A series of splines or small teethlike gears on the back of the shower knob integrate with another series on the faucet's valve stem. When you turn the knob, its splines contact those on the valve stem, increasing or decreasing the flow of water through the faucet. If the shower knob spins uselessly, splines are corroded or stripped on the knob, the valve stem, or both.
Shut off the water in your house by turning the main water valve to the closed position. Turn on a faucet located on a lower level than the shower's location, releasing any leftover water pressure in the pipes.
Locate and remove the set screw that holds the knob onto the faucet assembly. On some faucets the screw is located under a domed cap on the knob, while on other faucets the screw sits in a small hole on the side of the knob.

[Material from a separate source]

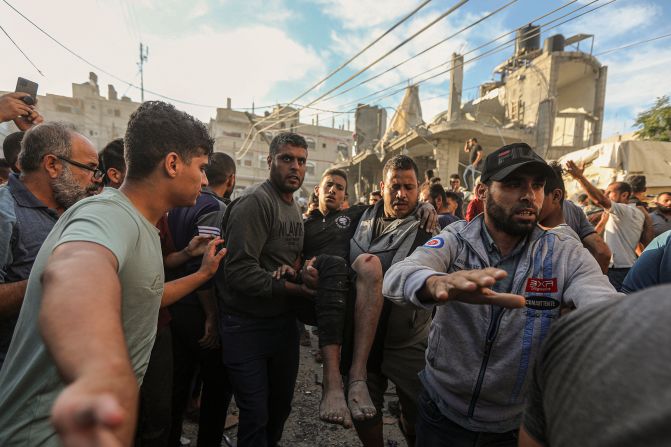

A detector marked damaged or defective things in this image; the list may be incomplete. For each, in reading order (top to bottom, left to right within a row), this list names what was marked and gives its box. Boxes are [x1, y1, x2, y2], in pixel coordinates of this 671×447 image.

damaged concrete building [338, 24, 608, 200]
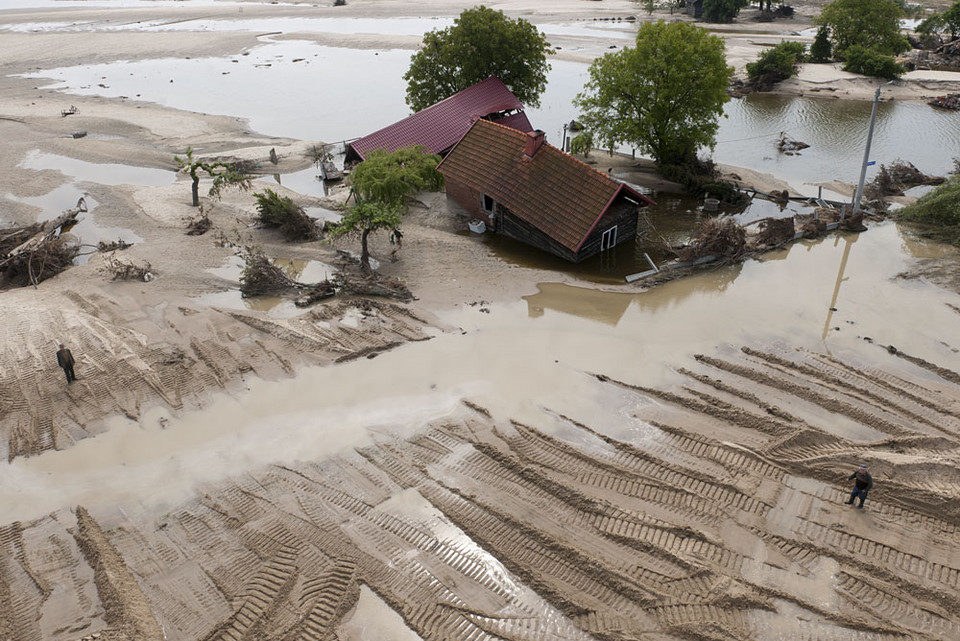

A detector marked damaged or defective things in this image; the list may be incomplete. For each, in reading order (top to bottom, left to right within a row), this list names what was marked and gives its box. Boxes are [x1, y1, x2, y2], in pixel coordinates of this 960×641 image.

damaged roof section [344, 76, 532, 165]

Pull the knob toward you to remove it from the faucet. Clamp and handle puller tool to the knob if you cannot remove it by hand, then turn the tool's post clockwise until the knob comes free.
Examine the splines on the inside of the shower knob, looking for damage or corrosion. Look over the splines on the end of the shower valve stem for damage or corrosion as well. If the valve stem needs to be replaced, turn it counterclockwise with an adjustable wrench until it comes out of the pipe.
Put the faucet together with the new valve stem or knob by reversing the steps to disassemble the faucet. Restore the water in your house by slowly turning the main valve to the open position.